SUPPLIED RECORDS —
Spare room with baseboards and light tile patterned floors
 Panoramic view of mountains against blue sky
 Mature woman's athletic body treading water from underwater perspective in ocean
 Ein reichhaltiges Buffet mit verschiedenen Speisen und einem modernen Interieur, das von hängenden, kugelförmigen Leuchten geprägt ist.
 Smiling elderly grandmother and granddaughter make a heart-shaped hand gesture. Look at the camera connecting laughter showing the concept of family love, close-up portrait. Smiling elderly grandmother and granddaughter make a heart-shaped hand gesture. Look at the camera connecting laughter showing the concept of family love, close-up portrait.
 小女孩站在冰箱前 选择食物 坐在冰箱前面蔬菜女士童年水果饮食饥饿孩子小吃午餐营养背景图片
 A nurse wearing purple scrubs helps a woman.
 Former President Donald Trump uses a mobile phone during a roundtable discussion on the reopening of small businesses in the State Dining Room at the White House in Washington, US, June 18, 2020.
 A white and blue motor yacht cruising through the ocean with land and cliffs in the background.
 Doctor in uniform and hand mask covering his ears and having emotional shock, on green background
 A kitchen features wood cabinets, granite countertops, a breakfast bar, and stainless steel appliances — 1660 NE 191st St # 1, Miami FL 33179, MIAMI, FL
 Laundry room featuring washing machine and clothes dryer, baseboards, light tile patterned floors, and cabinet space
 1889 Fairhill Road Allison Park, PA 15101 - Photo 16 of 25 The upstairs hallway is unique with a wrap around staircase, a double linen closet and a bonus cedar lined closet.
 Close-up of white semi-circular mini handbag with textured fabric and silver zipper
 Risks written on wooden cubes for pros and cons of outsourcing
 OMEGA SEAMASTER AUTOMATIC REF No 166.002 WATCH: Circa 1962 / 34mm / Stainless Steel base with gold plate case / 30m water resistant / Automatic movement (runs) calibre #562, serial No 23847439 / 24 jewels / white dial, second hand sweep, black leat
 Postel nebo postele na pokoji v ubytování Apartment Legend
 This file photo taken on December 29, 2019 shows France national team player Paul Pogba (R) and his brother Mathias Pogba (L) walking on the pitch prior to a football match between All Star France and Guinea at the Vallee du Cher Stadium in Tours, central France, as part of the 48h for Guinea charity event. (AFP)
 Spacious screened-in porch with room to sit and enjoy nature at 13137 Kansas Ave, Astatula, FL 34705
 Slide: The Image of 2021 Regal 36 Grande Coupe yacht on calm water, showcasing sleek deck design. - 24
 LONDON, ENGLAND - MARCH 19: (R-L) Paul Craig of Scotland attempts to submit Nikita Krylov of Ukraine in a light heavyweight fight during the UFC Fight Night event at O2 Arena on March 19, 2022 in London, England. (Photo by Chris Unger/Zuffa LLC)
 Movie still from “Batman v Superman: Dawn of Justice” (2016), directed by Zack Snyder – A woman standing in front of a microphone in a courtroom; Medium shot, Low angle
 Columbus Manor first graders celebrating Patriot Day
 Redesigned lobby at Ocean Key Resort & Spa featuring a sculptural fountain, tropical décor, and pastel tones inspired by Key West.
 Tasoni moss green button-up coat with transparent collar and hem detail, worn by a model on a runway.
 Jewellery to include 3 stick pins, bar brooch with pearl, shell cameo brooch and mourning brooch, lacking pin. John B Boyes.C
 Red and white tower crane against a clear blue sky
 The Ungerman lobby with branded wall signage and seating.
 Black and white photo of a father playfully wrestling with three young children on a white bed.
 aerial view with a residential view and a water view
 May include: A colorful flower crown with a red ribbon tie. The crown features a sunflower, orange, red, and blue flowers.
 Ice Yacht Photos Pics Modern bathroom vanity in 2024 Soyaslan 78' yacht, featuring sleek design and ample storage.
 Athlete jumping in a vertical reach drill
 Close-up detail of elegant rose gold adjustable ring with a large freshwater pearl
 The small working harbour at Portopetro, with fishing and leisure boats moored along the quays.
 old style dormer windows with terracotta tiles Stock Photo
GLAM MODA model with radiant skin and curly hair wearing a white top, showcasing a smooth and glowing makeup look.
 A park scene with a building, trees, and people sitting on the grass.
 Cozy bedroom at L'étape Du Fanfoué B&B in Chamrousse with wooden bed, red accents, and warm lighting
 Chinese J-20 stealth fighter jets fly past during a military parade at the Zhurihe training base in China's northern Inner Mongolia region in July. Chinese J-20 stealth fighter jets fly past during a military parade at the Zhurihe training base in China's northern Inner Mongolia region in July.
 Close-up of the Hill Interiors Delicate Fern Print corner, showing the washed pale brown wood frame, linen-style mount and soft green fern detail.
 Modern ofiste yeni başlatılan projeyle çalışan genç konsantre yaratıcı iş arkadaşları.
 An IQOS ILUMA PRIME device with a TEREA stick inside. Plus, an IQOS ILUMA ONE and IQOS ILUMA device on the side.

TASK BRIEF — Could you copy each line from the listing that has the word "wooden" in it?

SOLUTION FOR THIS EXERCISE —
 Risks written on wooden cubes for pros and cons of outsourcing
 Cozy bedroom at L'étape Du Fanfoué B&B in Chamrousse with wooden bed, red accents, and warm lighting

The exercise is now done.